Water Tower Restoration
Pittsburg sent two crews to work on the tower. Longtime PTTG foreman Mark Garrett helped oversee the project. Work was delayed at the onset due to the presence of gulls that used the water tower as a nesting place. Everything got rolling once the birds were out of the way.
“We had to restore the tank to make it look like its current condition but structurally sound,” said Heltsley.
The A36 steel parts were fabricated in Pittsburg’s Henderson shop and then shipped to Alcatraz. Crew members patched holes in the tank and reinforced the catwalk and handrails with the steel.

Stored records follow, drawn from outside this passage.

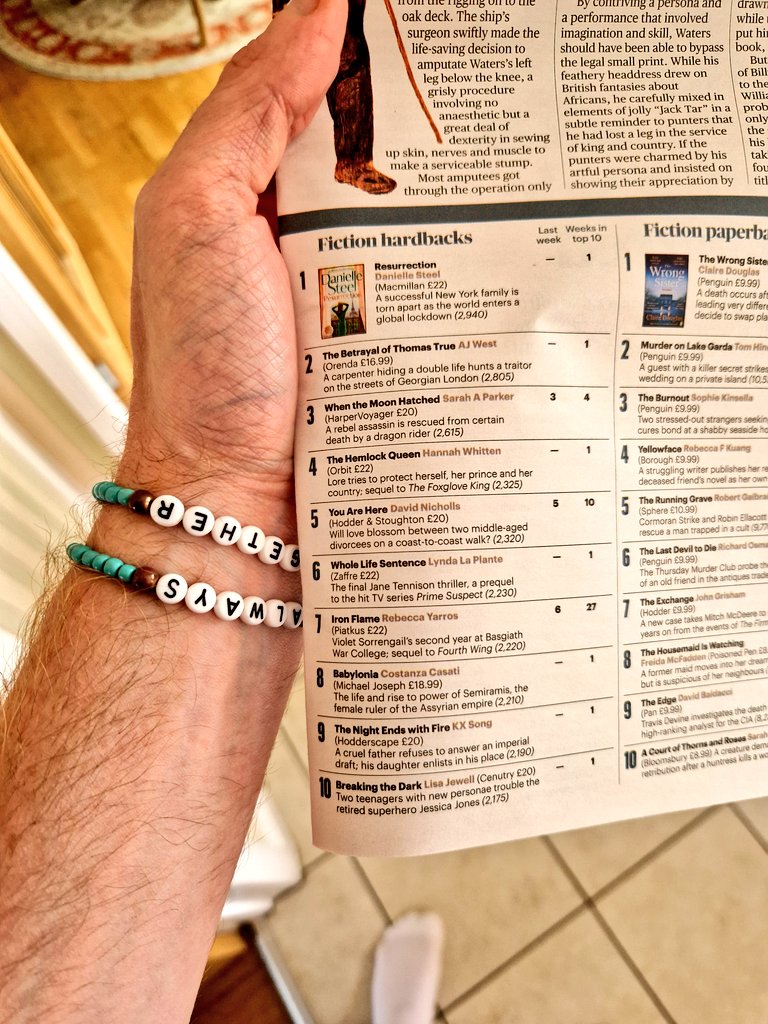 AJWestAuthor's tweet image. I don't really look very much like a Sunday Times no.2 bestselling author. But today, it's official. That's what I am. One proud comp schooled gay kid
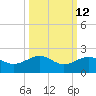 Garden Key tide chart for Thursday, October 12, 2023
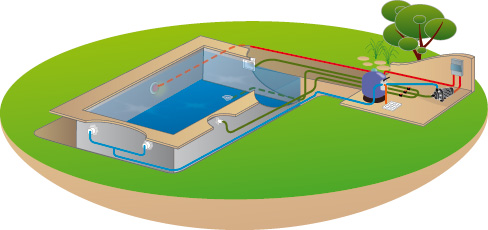 schéma de fonctionnement d'une piscine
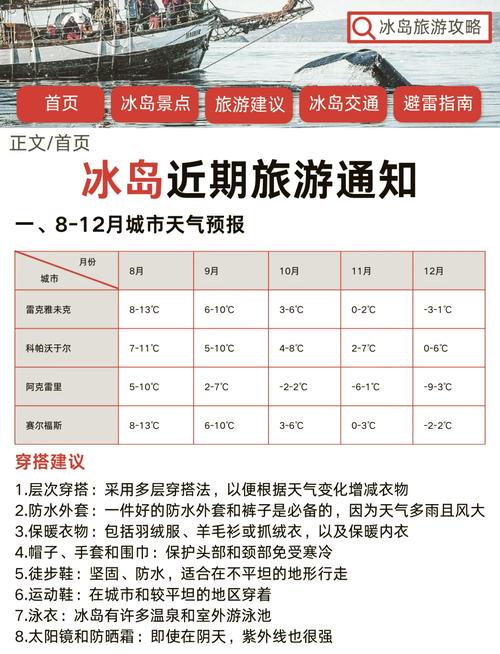 去冰岛旅游要多少钱？详细费用清单及预算攻略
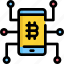 bitcoin, cell, cryptocurrency, digital, mobile, money, phone 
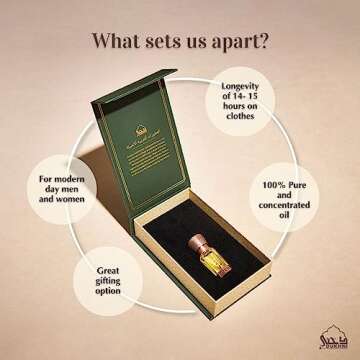 Dukhni Oud Faten Attar Refreshing scents blended with Oud | Authentic Arabic Fragrance Oil | 100% Pu...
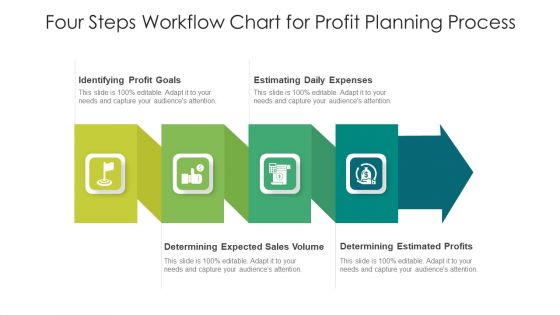 Four Steps Workflow Chart For Profit Planning Process Ppt PowerPoint Presentation Portfolio Icons PDF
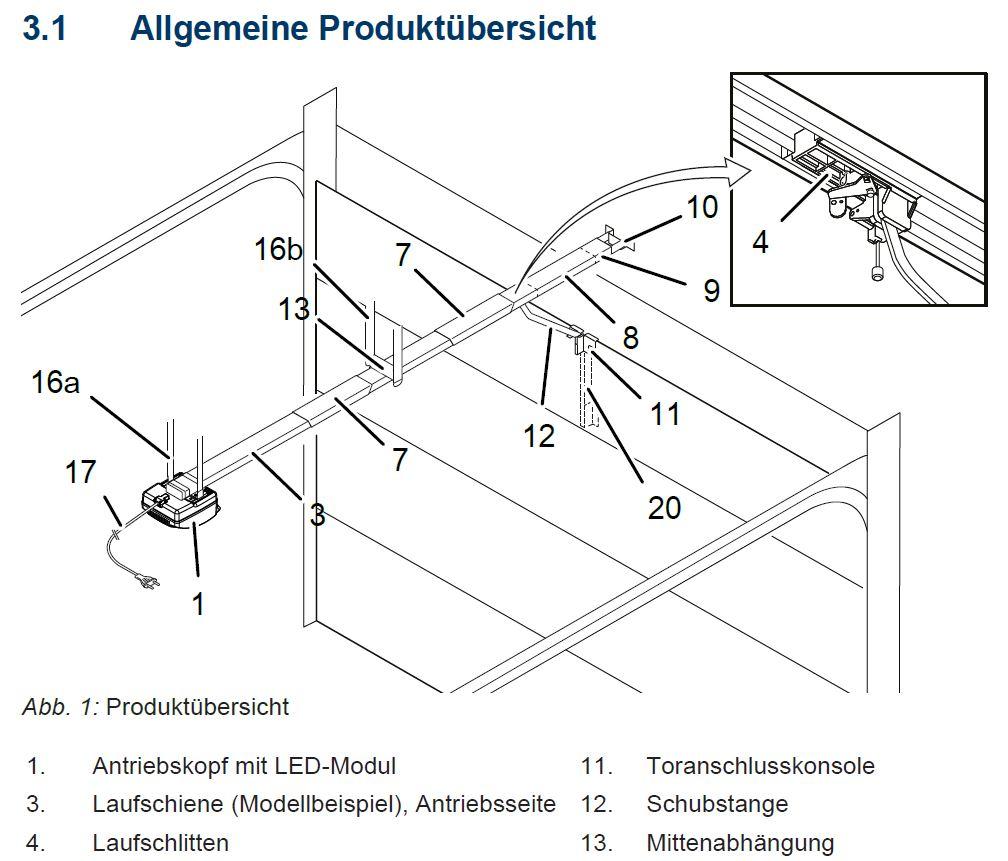 Zahnriemenkomponente,
- in Form einer Baugruppe aus einem Zahnriemen aus Kunststoff, einem Antriebsrad für die
  Aufnahme der Motorwelle eines Antriebs (nicht Gegenstand dieser vZTA), einem Kugellager
  sowie einem Mitnehmer,
- nach Einbau in die Laufschiene eines Garagentorantriebs zum Öffnen und Schließen des
  Garagentores.

"Teil, erkennbar ausschließlich oder hauptsächlich bestimmt für Maschinen mit eigener Funktion, in Kapitel 84 anderweit weder genannt noch inbegriffen, kein Ware der Codenummern 8479 9015 00 0 bis 8479 9070 85 0"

Leg braces were replaced out of flat bar and made to look like the cross members on an old lattice leg tank. In some cases, pieces missing from the tank were not restored so the water tower would match a certain historical time period. For instance, an overhang was not installed when a new roof went up because the park services wanted it to look as it had during the Native American occupation in the early 1970s, Heltsley said.
Occupation of Alcatraz
A group of Native Americans occupied Alcatraz for approximately 19 months to protest federal policies related to American Indians. The Native Americans cited the Sioux Treaty of 1868 (also known as the Treaty of Fort Laramie), which stated that all abandoned federal lands were to be returned to the Native people who once occupied it.
From Nov. 20, 1969, until U.S. Marshals removed the remaining occupants on June 11, 1971, dozens of Native Americans called Alcatraz home. While on the island, Native Americans painted on the tower the words “Peace and Freedom. Welcome. Home of the Free Indian.”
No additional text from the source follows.